What the task requires
Retype, word for word, the line holding "map of Indian Lake" and each line after it down to the end of the data; pictures are not copied.

Supplied records

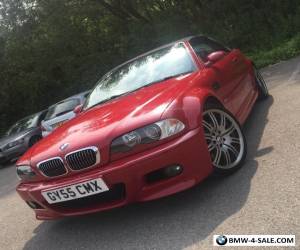 Item BMW m3 Smg convertible 2005 104k fsh imola red high spec May px  for Sale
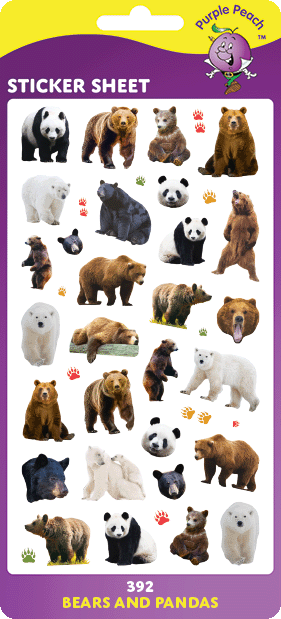 392 Bears & Pandas Stickers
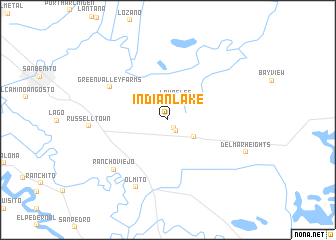 map of Indian Lake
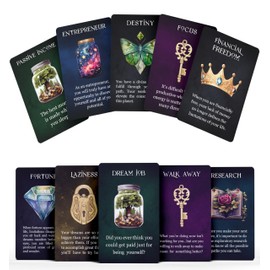 Manifestation Oracle Cards for Attracting Love and Abundance - Money Manifestation + Soulmate Manifestation (2-Deck Bundle) - Oracle Cards with Meanings on Them for Beginners to Advanced Readers
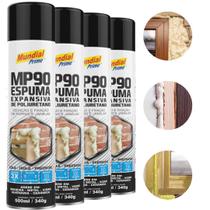 Kit 4 Espuma Expansiva Pu 500ml Mundial Prime Kit 4 Espuma Expansiva Pu 500ml Mundial Prime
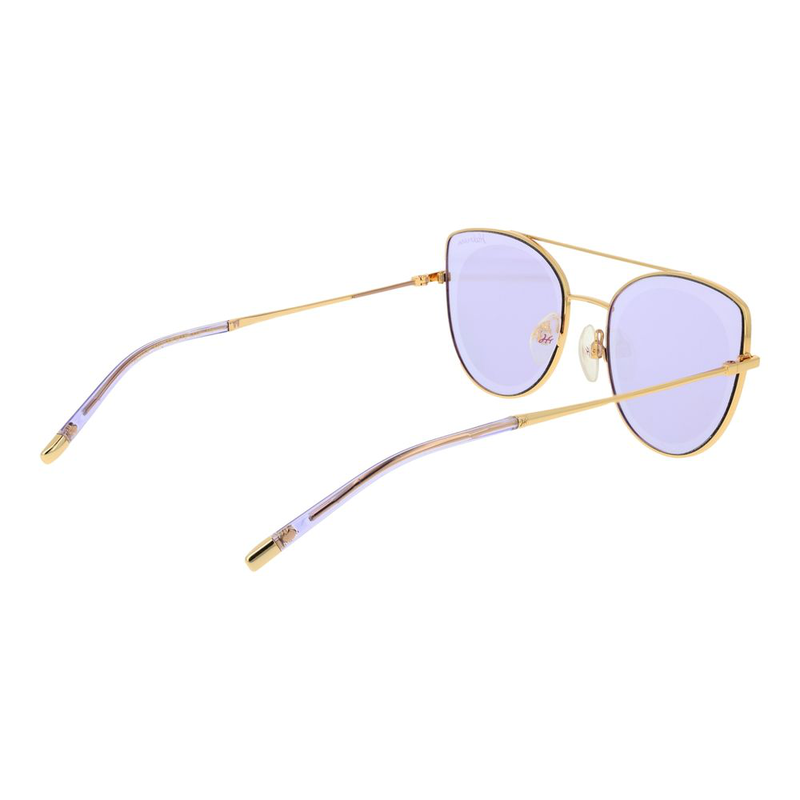 Gold metal sunglasses-null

Solution for this task
 map of Indian Lake
 Manifestation Oracle Cards for Attracting Love and Abundance - Money Manifestation + Soulmate Manifestation (2-Deck Bundle) - Oracle Cards with Meanings on Them for Beginners to Advanced Readers
 Kit 4 Espuma Expansiva Pu 500ml Mundial Prime Kit 4 Espuma Expansiva Pu 500ml Mundial Prime
 Gold metal sunglasses-null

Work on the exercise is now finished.